Quelle: NewAtlas.com

Das Ausklappen der Flügel benötigt weniger als drei Minuten. Die Flügel breiten sich aus, die Vorderräder werden hinter der Chassis festgemacht und ein Festpropeller kommt am Heck hervor. Im Flugmodus kann eine Geschwindigkeit von bis zu 259 km/h erreicht und Last bis zu 240 kg sicher transportiert werden.

 PAL-V Liberty

Quelle: NewAtlas.com

PAL-V, der niederländische Hersteller von fliegenden Autos, versucht seine Zusicherung einzuhalten, dass er als erster ein Produkt zur Marktreife bringen wird. Das Unternehmen hat bereits erfolgreiche Testflüge hinter sich gebracht und erfüllt sowohl die Standards des Straßen-, als auch des Luftverkehrs in den USA und Europa. Erst kürzlich hat das Unternehmen verkündet, dass Vorbestellungen für den zweimotorigen und dreirädrigen Gyrokopter Liberty bereits möglich sind.

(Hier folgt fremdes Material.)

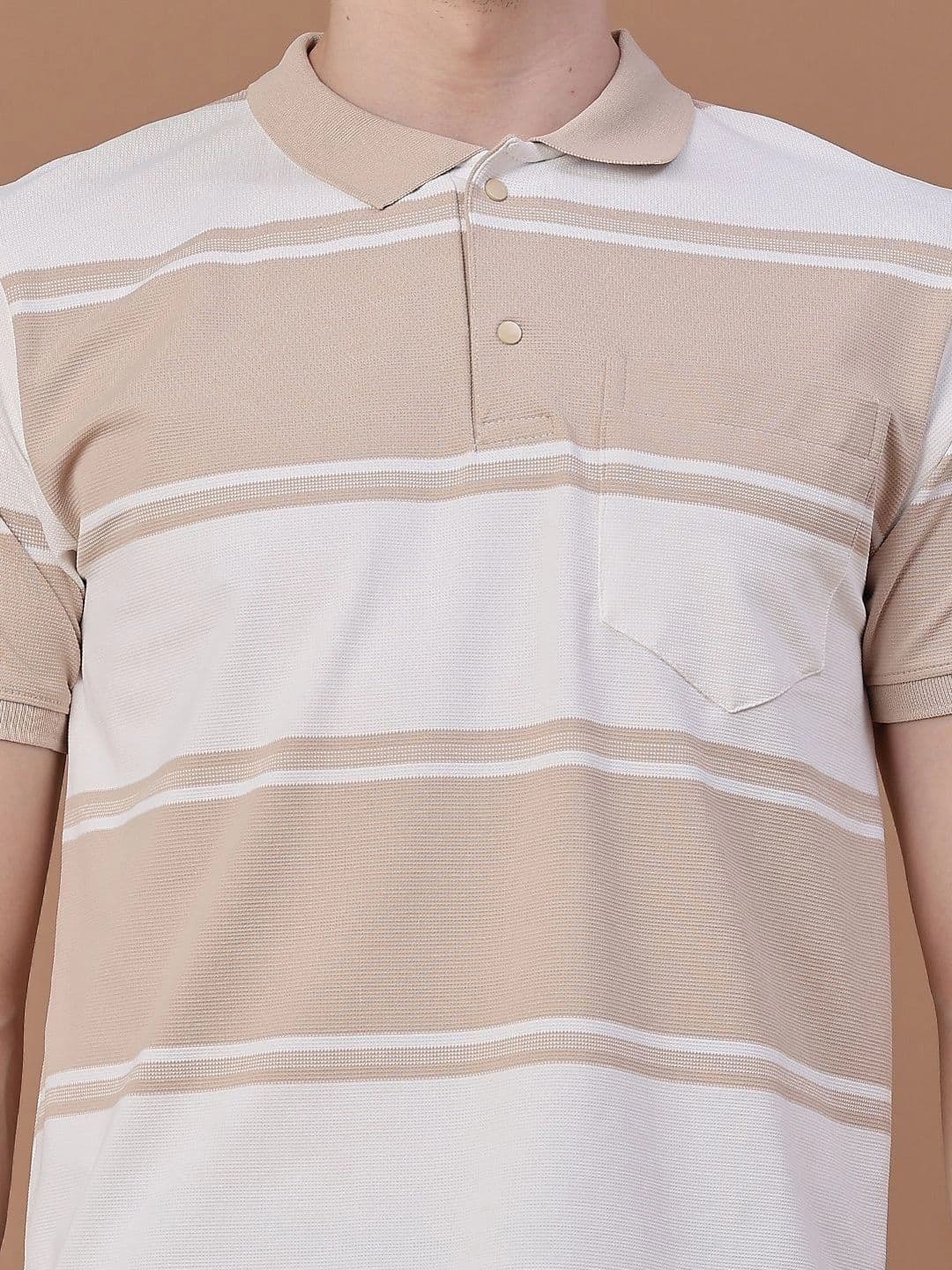V-Mart Men Striped Polo Collar Pockets Slim Fit T-shirt thumbnail 3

Viele Jahre harter Arbeit haben sich für die holländische Firma bezahlt gemacht, denn sie konnte alle technischen Schwierigkeiten überwinden, die bei den Herausforderungen zur Qualifikation auftraten. Das Team hat erfolgreich ein innovatives fliegendes Auto geschaffen, das die Sicherheitsstandards weltweit erfüllt.

Quelle: NewAtlas.com

Der PAL-V Liberty enthält eine Dualmotor-Antriebstechnologie von Rotax. Der erste Motor dient dem Fahren auf der Erde, während der zweite zum Fliegen benutzt wird. Bei der Herstellung wurde darauf geachtet, dass das Produkt nicht größer als ein reguläres Auto ist, wobei es die Vorteile einer niedrigeren Aufhängung besitzt. Beim Modell Liberty passen mindestens zwei Personen ins Cockpit.

Lilium Aviation Eagle

Quelle: NewAtlas.com

Der Lilium Aviation Eagle basiert auf der Idee eines elektronischen vertikalen Start- und Landefahrzeugs (VTOL) und hat erst kürzlich einen ersten Testflug erfolgreich abgeschlossen. Vom Boden aus gesteuert, können in diesem fliegenden Taxi wenigstens zwei Passagiere Platz nehmen. Allerdings müssen noch eine Reihe von Tests vorgenommen werden, unter anderem das horizontale „Parken“ während des Fluges.

Das Unternehmen hat angekündigt, dass das Lufttaxi mit Stahltriebwerken angetrieben wird, wobei statt der Gasturbinen elektronische Motoren eingesetzt werden sollen. Wie Sie sehen können, ist das Fahrzeug so designt, dass sich der Motor auf den Flügeln befindet. Es besitzt zwölf bewegliche Flügelschläge, die den Luftstrom zum Starten und Landen nach unten umleiten.

Quelle: NewAtlas.com

Lilium Aviation plant einen bemannten Flug für 2019 und zielt auf ein neues fünfsitziges Modell für Lufttaxidienste auf Abruf ab. Das neue Modell nutzt angeblich nur zehn Prozent der Energie, die ein Fluggerät im Stile eines Quadrokopters verbrauchen würde. Die Reichweite beträgt 300 km und die Höchstgeschwindigkeit 300 km/h. Diese Geschwindigkeit würde die Reise vom New Yorker Flughafen John F. Kennedy zur Halbinsel Manhattan auf fünf Minuten reduzieren.

Ehangs 184

Quelle: popularmechanics.com

Es ist mittlerweile absolut üblich, dass Drohnen bei Technologiemessen für Endkunden ausgestellt werden, aber fast alle diese Modelle haben eins gemeinsam: wir können nicht in sie einsteigen. Moment mal: „fast alle“? Ja, denn Ehangs 184 ist die Ausnahme.

Das Luftfahrzeug kann einen einzelnen Passagier autonom von A nach B befördern. Die Idee ist, dass Kunden einfach ins Modell 184 einsteigen, es anschalten, ihr Ziel auswählen und den „Start“-Knopf drücken.